Despite its origins, many will think of the retro worship of synthwave when they hear the term horror synth. Yes, John Carpenter partially created the genre, and still remains its crowned king, but artists like Makeup and Vanity Set, GosT, Pertubator, Nightsatan, Unit Black Flight or Umberto remain some of the most popular and listened-to horror synth artists as we continue to crawl our way through the 2020s. The immediate identifiability of the sonic signifiers means horror synth has cross-pollinated with a wide range of underground genres, also, creating horrifying new hybrids with death metal, harsh noise, dungeon synth – even getting its own special sub-genre, pumpkin synth – post-rock, even prog rock. To its credit, it often improves everything it touches with its bloody, skeletal fingers.

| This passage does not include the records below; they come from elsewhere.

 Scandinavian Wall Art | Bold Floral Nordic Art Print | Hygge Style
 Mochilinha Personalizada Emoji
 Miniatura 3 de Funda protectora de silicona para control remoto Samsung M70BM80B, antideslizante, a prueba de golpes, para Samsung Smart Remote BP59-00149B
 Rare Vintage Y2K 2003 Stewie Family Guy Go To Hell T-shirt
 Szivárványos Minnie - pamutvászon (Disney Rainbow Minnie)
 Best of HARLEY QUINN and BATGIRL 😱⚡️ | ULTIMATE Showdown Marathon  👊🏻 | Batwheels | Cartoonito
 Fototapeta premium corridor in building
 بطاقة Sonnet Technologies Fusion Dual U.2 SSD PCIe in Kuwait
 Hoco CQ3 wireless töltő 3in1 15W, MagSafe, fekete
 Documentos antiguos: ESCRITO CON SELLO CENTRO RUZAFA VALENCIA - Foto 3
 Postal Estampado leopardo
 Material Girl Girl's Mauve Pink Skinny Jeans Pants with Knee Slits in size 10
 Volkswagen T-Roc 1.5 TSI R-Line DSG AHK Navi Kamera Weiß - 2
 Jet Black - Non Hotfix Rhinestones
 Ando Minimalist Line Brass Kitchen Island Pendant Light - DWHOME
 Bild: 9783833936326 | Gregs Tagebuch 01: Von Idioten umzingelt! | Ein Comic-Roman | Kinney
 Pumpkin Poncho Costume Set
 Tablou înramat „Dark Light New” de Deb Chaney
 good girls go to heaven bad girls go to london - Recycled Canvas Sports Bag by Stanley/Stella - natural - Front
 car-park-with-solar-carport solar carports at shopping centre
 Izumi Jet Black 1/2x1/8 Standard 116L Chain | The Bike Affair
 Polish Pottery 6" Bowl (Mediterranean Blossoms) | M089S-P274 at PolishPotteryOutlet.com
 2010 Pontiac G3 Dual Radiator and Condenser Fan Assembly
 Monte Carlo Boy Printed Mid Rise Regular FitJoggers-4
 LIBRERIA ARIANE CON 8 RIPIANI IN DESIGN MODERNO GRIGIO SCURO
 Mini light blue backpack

The retro recreationists of modern horror synth have many strong selling points, with increased focus on songwriting and 100x cleaner production, making it just as fitting for fog-shrouded dancefloors as for killer-cam body dumps. The sanitization sometimes works to its detriment, though, sounding too clean, formulaic, and predictable to ever truly frighten or disturb. It’s a good time to be a horror synth producer, as there are loads of powerful, inexpensive synths on the market, coffinloads of sample packs and preset kits, and a healthy, enthusiastic audience. Modern horror synth musicians would do well to listen to early electronic horror synth soundtracks during their r&d phase, though, to truly conjure the anarchic spirit of the ’70s and ’80s in their work.